Go through the data below and transcribe it exactly. Omit the images.

(DATA UNDER STUDY begins)

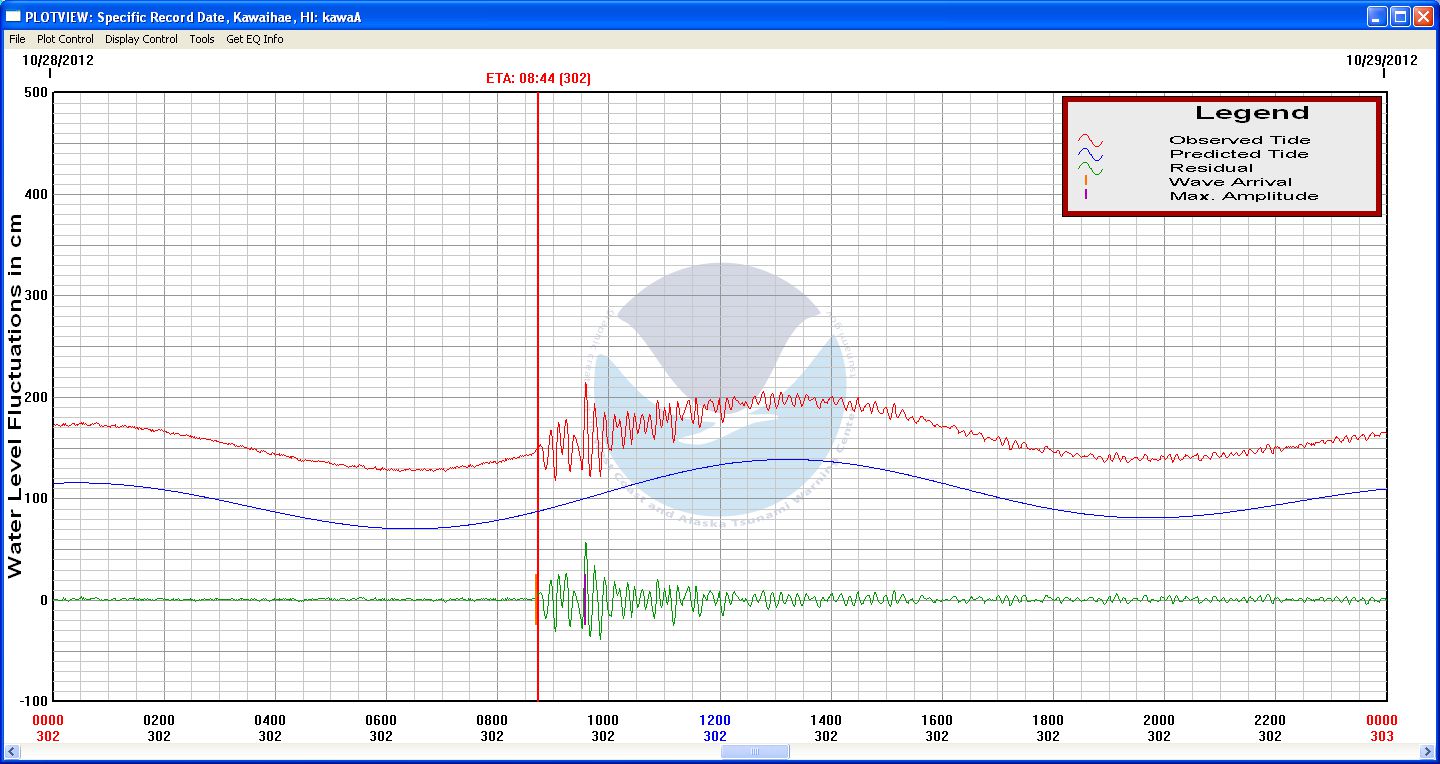 28oct12 kawaihae hawaii sl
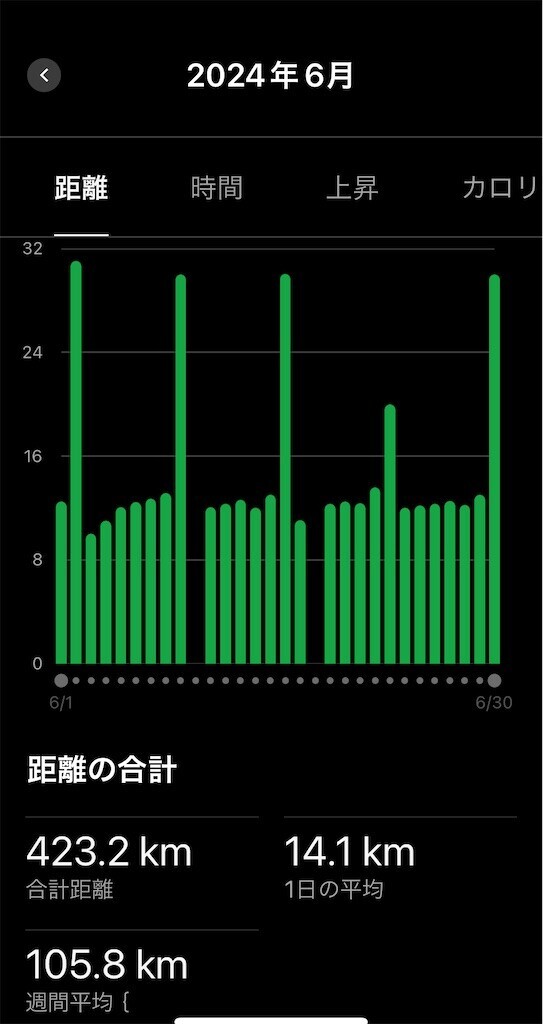 f:id:furuhon-ya:20240630110901j:image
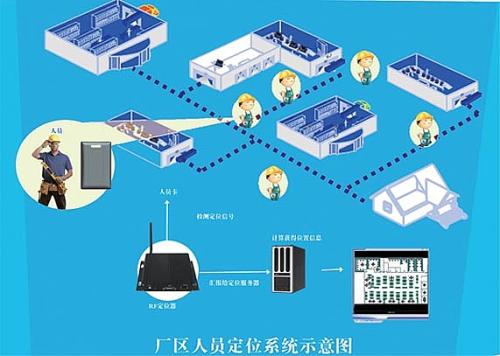 乌海人员定位系统四号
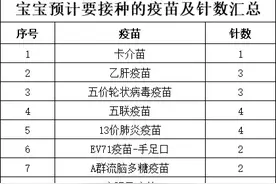 宝宝从出生到六周岁要接种多少针疫苗？费用大概是多少？图片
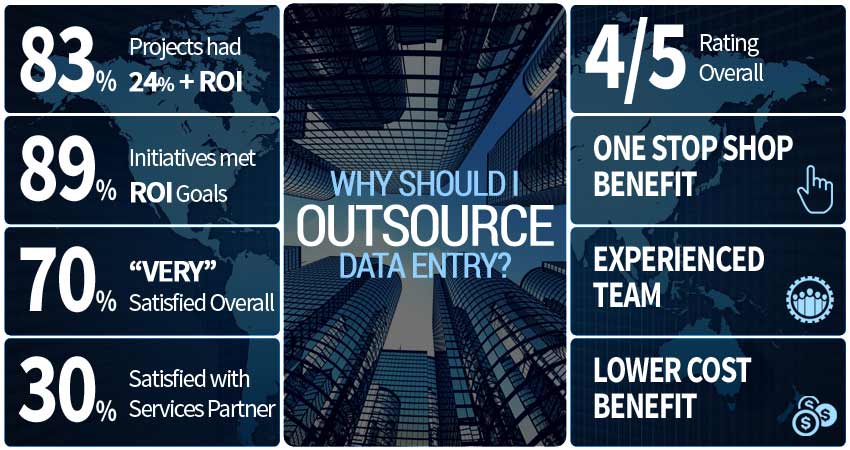 Why Should I Outsource Data Entry?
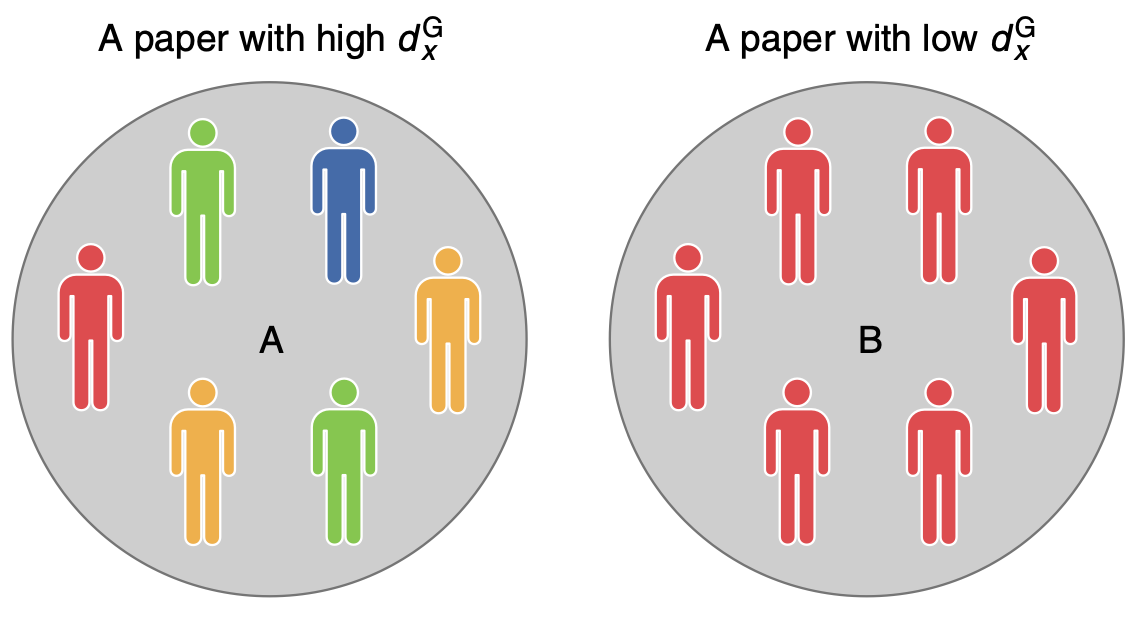 A schematic representation of two extremes in the Gini index. At left, a paper with high Gini index has images of people with many different colors. At right, a paper with low Gini index, all the people in the group are colored red.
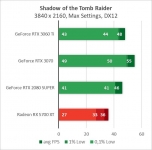 GeForce RTX 3060 Ti-3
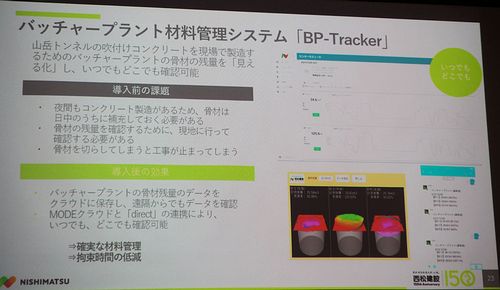 バッチャープラントの材料管理システム「BP-Tracker」（出典：西松建設）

(DATA UNDER STUDY ends)

## EXERCISE SOLUTION
 28oct12 kawaihae hawaii sl
 f:id:furuhon-ya:20240630110901j:image
 乌海人员定位系统四号
 宝宝从出生到六周岁要接种多少针疫苗？费用大概是多少？图片
 Why Should I Outsource Data Entry?
 A schematic representation of two extremes in the Gini index. At left, a paper with high Gini index has images of people with many different colors. At right, a paper with low Gini index, all the people in the group are colored red.
 GeForce RTX 3060 Ti-3
 バッチャープラントの材料管理システム「BP-Tracker」（出典：西松建設）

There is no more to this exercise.